Power Cutting from Someone Who Had To!

Pair of scissors for cutting text.

Bad news.

The very first line of your query has to tell the agent or editor how long your book is.

The execrable fact is that they expect certain genres to fall within certain limits.

When you’re an overwriter, like me, always able to stroke out one more metaphor, one more lilting phrase, one more neat character detail, hitting those word limits can be a challenge.

The problem intensifies when your writing groups and betas want “More! More!” Or when they push you to look at issues in your story that you glossed over before but now can’t leave unresolved.

So I faced querying a psychological-suspense manuscript at 107,000+ words and an accidental-detective mystery at 106,000+. I’m here to report that both books are now under 100,000 words.

Victory lap after cutting 6000+ words from my manuscript!
Victory Lap!

I’ve read enough submissions in writing groups to know that I’m not the only one in need of a repertoire of tricks (okay, strategies) for corralling a manuscript that has bolted for the hills. I needed “Power Cutting” skills.

I know what a lot of us would say: Cut 7,000 words?!? That will destroy my book! My brilliant writing will win over readers no matter how long it is.

Maybe, but you have to get an agent or editor to read your brilliant writing instead of thinking, “That sounds way too long.”

In fact, my efforts taught me strategies, many of them simple fixes, that actually improved my books rather than devastating them.

Not only will these strategies help you catch bad habits, they’ll force you to think hard about your story: What is it about, what belongs and what doesn’t?

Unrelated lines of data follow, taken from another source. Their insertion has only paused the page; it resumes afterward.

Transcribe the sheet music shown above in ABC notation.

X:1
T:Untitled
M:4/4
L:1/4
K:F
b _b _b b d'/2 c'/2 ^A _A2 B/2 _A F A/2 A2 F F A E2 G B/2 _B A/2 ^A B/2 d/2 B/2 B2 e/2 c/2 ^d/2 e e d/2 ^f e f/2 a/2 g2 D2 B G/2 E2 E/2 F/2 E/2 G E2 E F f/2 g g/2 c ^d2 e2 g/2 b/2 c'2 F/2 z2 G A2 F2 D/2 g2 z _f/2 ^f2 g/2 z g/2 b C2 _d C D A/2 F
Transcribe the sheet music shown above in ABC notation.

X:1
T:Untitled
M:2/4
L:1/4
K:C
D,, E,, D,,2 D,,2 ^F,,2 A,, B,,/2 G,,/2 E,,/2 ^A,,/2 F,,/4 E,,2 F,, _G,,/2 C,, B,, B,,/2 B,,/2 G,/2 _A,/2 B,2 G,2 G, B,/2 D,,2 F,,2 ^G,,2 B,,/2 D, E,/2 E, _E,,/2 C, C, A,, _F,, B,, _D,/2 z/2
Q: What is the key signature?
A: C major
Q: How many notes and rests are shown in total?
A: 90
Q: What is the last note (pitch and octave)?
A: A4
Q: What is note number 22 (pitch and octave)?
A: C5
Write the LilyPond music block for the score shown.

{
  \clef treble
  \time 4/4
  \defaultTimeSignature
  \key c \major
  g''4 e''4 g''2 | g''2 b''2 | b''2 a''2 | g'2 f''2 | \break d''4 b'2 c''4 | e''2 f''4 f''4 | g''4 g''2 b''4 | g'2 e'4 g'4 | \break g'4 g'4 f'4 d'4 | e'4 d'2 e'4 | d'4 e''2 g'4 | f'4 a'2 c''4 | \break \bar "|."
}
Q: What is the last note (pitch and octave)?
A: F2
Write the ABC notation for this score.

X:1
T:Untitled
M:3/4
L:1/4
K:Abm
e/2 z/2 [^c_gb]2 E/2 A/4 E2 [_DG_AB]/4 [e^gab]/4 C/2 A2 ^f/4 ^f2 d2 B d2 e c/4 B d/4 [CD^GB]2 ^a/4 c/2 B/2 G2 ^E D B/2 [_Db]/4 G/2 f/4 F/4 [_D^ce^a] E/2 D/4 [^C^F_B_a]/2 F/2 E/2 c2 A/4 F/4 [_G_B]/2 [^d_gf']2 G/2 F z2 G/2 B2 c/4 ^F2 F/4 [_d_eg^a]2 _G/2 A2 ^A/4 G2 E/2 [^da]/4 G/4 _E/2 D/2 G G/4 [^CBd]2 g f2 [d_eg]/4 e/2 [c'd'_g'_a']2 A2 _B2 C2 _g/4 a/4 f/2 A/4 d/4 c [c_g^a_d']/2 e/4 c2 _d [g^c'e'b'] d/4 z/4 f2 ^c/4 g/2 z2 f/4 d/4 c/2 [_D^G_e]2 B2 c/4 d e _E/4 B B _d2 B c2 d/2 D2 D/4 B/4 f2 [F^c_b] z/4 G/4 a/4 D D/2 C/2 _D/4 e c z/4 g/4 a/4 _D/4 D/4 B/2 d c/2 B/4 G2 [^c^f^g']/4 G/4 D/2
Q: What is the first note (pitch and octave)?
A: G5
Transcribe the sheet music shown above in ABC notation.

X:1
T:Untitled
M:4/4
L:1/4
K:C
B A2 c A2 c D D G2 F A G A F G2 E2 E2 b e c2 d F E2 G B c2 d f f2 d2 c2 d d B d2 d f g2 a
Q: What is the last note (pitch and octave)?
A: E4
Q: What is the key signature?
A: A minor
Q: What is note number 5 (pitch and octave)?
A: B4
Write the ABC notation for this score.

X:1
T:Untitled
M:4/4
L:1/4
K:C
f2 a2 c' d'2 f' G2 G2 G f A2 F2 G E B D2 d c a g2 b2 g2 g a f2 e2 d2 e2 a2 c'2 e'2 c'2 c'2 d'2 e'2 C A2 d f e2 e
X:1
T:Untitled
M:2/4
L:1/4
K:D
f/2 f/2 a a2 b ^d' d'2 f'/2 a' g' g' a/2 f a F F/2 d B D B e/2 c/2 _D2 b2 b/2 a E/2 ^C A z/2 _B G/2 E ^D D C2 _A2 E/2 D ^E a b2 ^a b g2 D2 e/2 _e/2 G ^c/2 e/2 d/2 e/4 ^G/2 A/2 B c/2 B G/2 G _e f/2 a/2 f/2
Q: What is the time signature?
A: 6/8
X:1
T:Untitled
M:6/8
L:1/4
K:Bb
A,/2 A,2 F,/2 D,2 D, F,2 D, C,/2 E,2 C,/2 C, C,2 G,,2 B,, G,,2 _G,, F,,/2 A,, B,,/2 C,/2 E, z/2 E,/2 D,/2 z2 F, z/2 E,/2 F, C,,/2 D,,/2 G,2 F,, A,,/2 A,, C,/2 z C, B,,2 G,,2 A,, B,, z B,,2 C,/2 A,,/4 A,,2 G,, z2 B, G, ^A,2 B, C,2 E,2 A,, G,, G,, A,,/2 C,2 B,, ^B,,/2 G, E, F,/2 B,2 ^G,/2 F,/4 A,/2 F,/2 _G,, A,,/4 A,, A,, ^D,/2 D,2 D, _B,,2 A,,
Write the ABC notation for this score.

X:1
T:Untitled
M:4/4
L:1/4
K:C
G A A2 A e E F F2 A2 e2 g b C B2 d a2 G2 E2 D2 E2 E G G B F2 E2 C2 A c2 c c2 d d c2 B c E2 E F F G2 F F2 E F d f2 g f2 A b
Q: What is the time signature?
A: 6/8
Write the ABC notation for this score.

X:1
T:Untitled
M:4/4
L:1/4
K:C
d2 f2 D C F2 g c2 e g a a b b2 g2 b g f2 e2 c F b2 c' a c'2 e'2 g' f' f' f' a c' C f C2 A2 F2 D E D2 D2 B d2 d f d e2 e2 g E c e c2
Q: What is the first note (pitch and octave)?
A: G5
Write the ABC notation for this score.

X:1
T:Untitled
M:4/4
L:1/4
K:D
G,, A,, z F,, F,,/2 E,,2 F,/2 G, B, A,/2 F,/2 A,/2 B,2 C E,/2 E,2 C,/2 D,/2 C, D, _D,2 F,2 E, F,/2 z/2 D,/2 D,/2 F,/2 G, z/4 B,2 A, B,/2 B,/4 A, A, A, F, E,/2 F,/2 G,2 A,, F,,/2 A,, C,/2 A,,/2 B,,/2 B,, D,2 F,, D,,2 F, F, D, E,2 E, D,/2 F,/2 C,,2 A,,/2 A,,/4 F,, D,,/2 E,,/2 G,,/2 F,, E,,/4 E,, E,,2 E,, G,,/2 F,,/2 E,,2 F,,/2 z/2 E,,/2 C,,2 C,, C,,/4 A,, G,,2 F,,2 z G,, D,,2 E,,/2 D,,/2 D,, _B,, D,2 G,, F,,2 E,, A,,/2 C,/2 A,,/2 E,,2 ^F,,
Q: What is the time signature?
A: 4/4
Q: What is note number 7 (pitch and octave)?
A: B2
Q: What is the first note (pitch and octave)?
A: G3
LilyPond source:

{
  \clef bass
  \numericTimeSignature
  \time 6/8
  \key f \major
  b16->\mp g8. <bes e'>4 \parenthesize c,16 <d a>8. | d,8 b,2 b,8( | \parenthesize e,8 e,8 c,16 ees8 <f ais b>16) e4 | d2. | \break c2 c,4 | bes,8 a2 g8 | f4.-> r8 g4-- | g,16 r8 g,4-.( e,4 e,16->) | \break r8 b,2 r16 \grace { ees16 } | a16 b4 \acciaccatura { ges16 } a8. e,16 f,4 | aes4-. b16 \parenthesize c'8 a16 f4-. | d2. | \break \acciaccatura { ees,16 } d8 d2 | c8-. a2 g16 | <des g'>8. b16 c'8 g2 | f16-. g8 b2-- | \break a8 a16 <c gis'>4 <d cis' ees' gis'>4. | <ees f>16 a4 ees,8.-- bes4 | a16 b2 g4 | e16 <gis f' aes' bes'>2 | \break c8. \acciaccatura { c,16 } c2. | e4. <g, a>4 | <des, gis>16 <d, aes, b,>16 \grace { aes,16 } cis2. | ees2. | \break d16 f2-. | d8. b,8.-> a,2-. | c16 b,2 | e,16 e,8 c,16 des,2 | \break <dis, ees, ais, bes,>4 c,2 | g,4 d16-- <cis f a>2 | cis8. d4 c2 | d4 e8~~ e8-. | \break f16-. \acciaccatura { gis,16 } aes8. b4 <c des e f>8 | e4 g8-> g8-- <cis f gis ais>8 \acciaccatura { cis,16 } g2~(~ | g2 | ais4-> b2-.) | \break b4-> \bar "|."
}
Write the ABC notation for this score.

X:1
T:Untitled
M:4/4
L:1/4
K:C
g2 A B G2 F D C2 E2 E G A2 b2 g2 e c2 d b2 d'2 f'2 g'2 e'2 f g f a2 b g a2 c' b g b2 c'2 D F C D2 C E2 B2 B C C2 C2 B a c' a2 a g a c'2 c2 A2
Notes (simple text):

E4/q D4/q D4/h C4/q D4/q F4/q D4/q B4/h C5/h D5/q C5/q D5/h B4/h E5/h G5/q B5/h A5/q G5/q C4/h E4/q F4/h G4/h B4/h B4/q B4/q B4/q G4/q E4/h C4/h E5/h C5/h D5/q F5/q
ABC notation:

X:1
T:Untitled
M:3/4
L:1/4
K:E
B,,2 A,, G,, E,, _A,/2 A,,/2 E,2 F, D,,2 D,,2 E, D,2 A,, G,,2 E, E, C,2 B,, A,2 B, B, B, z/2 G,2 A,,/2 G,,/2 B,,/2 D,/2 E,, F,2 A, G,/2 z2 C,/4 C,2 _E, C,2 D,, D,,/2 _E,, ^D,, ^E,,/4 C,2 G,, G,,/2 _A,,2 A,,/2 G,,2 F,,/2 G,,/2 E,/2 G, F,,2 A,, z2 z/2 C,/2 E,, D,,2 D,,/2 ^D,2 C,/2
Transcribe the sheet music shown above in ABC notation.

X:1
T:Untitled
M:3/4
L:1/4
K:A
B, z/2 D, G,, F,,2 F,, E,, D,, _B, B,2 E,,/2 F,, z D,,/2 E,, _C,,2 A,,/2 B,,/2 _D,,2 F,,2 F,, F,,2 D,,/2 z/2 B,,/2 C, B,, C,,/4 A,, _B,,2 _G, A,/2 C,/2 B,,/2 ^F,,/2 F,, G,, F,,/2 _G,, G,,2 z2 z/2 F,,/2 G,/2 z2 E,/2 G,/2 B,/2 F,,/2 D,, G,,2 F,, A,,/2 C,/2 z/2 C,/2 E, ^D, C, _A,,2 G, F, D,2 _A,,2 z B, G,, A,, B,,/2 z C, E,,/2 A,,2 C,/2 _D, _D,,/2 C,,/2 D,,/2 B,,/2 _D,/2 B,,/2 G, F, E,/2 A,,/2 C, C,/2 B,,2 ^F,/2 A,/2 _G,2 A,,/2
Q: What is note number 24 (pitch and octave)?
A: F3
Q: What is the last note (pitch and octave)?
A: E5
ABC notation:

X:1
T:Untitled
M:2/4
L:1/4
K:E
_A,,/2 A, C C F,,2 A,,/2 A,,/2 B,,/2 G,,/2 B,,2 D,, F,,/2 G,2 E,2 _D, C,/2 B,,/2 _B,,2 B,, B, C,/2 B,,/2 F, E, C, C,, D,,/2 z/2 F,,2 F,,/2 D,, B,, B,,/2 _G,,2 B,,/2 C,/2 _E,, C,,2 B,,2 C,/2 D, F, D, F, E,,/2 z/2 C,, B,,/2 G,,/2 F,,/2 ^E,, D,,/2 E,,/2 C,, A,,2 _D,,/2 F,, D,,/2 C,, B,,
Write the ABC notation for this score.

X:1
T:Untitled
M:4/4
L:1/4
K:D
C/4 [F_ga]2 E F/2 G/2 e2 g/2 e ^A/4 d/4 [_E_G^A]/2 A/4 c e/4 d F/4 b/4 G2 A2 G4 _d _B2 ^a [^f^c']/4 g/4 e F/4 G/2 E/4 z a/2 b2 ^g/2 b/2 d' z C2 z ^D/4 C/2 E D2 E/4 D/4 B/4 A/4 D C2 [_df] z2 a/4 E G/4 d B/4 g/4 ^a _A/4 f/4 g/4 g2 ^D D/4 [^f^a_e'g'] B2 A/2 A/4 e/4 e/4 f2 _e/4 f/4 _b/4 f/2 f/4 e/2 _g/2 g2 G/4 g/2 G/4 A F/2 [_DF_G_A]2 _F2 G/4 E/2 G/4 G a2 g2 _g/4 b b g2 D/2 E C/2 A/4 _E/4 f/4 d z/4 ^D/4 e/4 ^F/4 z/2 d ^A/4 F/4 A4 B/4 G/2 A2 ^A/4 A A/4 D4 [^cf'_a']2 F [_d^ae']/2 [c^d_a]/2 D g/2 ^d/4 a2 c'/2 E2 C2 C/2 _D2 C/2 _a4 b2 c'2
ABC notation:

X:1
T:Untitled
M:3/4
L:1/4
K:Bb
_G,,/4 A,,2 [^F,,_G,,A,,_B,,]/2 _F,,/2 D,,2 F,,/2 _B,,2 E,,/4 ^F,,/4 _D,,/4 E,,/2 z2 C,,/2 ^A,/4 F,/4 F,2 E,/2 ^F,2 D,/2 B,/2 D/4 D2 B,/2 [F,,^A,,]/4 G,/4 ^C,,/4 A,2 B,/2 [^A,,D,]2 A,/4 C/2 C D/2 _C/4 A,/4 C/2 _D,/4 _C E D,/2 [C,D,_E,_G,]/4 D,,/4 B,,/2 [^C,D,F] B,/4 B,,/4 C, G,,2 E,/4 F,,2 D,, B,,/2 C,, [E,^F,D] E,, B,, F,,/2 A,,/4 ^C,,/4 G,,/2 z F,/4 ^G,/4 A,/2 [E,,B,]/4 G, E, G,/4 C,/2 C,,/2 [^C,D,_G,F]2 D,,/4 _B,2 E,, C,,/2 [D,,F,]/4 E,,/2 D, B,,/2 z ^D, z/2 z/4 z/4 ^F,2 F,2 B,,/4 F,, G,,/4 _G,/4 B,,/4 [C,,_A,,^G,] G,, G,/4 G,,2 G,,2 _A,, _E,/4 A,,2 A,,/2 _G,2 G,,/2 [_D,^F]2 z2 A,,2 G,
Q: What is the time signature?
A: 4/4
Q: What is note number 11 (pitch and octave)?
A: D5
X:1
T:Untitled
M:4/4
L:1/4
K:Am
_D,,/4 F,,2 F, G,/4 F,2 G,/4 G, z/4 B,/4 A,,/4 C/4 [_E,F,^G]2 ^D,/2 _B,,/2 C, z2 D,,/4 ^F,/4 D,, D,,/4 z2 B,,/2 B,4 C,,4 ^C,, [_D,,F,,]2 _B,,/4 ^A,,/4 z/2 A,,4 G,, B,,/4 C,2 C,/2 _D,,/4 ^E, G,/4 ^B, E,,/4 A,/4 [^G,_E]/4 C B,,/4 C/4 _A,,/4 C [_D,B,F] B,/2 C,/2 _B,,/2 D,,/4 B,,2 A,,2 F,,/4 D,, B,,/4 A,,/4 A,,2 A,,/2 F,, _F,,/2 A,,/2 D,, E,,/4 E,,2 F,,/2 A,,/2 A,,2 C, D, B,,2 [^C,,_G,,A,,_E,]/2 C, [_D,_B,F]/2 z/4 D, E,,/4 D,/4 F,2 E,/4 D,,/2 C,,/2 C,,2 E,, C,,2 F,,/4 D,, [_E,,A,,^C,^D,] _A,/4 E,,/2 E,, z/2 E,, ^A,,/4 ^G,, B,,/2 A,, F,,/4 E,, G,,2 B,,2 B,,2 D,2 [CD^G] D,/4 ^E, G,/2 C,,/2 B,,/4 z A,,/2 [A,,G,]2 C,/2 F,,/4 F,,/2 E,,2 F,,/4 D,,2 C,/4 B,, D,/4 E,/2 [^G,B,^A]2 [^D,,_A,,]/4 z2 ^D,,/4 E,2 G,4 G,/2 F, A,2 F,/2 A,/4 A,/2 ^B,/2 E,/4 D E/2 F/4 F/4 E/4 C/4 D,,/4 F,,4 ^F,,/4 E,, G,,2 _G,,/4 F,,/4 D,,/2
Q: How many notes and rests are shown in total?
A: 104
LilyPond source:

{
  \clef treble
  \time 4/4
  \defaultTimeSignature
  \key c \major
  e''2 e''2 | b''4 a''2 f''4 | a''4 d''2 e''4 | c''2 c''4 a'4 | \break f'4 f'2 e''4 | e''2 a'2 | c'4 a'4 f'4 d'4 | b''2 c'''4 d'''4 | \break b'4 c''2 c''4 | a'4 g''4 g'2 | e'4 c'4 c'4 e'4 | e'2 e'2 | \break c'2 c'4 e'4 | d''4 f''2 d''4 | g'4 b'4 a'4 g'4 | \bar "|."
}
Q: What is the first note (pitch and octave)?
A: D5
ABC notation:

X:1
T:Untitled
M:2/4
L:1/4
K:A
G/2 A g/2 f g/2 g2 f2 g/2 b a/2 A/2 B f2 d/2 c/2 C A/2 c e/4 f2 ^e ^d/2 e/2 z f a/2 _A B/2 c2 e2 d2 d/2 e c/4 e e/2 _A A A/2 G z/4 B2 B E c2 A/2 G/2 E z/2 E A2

At least, that’s what Power Cutting did for me.

Here are some of the big-ticket things I learned.

Have a word-count goal. Until you make up your mind that you MUST cut, you won’t. Watching that number at the bottom of the screen sink and sink inspires!

Start, obviously, with familiar “fillers” like “very” and “really.” Read up on advice for recognizing useless words.

Cut hard now, reconsider later. You might cut too hard and scrape off too much voice, but storing your cuts in a separate, renamed file saves your original language, ready to reinstate after you’ve exceeded your goal.

Remember that no one but you knows what you took out. No one else will miss your golden imagery or your delicate dialogue exchange.

Cut via a complete read-through. You’ll spot problems like repetition that would not show up if you dove in at random, and you’ll maintain the continuity of your story.

Throughout, remember that clarity comes first. Always make sure, for example, that it’s clear who’s speaking before you cut a dialogue tag.

Ask first and last, what does this scene/paragraph/line add? Three cuts to look for:

  • Work you’ve already done. Yes, certain themes and events should be kept before your readers, but when you find yourself thinking, “Didn’t he already say this?”, he probably did. If there’s no new twist to a scene or interior monologue, it can go.
  • Dialogue exchanges that don’t further the plot. Banter for banter’s sake, no matter how scintillating, takes up real estate. Dialogue cuts better when it’s sharp.
  • Piled up details/metaphors/images. In literary fiction, you can interweave whole pages of lyrical description with luscious introspection. In commercial fiction, most paragraphs drag after more than one detail or image, no matter how powerful. Pick the one that does the most work in the fewest and/or most evocative words.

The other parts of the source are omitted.